Looking at the load tables for various products, purlin hangers are often shorter than the actual size lumber they're supposed to hang:

The size difference seems more consistent at lower dimensions. For instance, 2x4 purlins are 3 7/16" high and 2x6 purlins are 5 3/8" high.

Why is this? Won't the joists end up higher than the header? Is something supposed to go on top of the header to offset this so the subfloor is level?


I'm using purlin hangers to hang floor joists inside my walls, which seems to be a suggested usage of these products.

Perhaps others can put this problem better than me. Check out the reviews and question on the USP JPF at Lowes.

Edit 2

Just to be sure we're all on the same page, this is a purlin hanger being used to hang floor joists. Only difference is I'm using solid sawn joists rather than i-joists.

enter image description here

Perhaps the foam tape supposed to make up the difference?

  • 2
    Go measure an actual 2x4. Jun 1, 2016 at 16:01
  • @ChrisCudmore I'm familiar with the actual/nominal size distinction if that's what you mean. A 2x4 is 3 1/2" wide but the perlin hanger is 1/16" shorter. Jun 1, 2016 at 16:10
  • 1
    I think the point is that you want the joists at the same height as the header, and if the purlin were the same size as the (nominal) wood dimension, the purlin could interfere with the underlayment. You place the purlin so the top of the joist is exactly at the level of the headers. Jun 1, 2016 at 16:13
  • "you want the joists at the same height as the header" -- correct. I'm not sure what underlayment has to do with this since there's still a subfloor going on top of the joists and header. "You place the purlin so the top of the joist is exactly at the level of the headers." I don't see how this is possible. If the hanger is shorter than the lumber, the lumber will be higher than the header. Jun 1, 2016 at 16:19
  • 1
    I didn't realize that we were talking specifically about top-mount hangers. My mistake. Answer updated.
    – isherwood
    Jun 1, 2016 at 18:12

2 Answers 2


Besides safety and practicality mentioned by isherwood... part of the answer is money... the size of the hanger is related to the cost of the hanger. If you make or sell hangers in bulk, then every cent matters (customers like walmart and lowes will buy the hangers that are one cent cheaper per 100 boxes). If you only need to hold a certain weight, then there's little benefit to oversizing the hanger.

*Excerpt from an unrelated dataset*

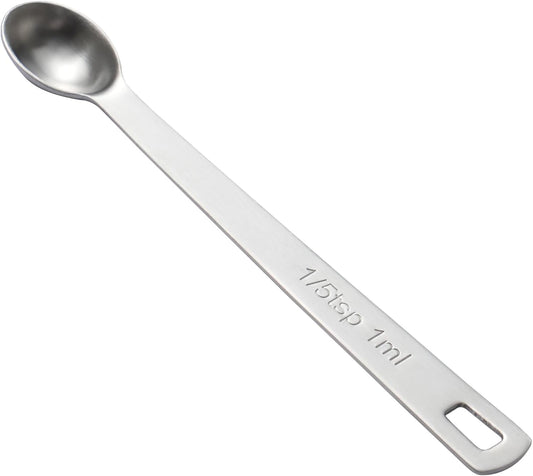1PCS 1/5 Teaspoon(1/5tsp, 1ml) Single Tiny Measuring Spoon, Small Individual Stainless Steel Measure Spoons Only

Another other part of the answer is that purlins are part of a (steel) roofing system. You cannot have the hanger sticking through the roof.

But If we are just talking about joist hangers in general, tops of the joists will be level with the header if you install them level. The hangers that wrap around the joist will need room below the joist (just the thickness of the hanger - not very much).

Where joists are the same size as the header, hangers that wrap under will be protruding at the bottom (if the top is level). Sometimes that doesn't matter, or if it does, then using hangers that don't wrap around the joist are necessary.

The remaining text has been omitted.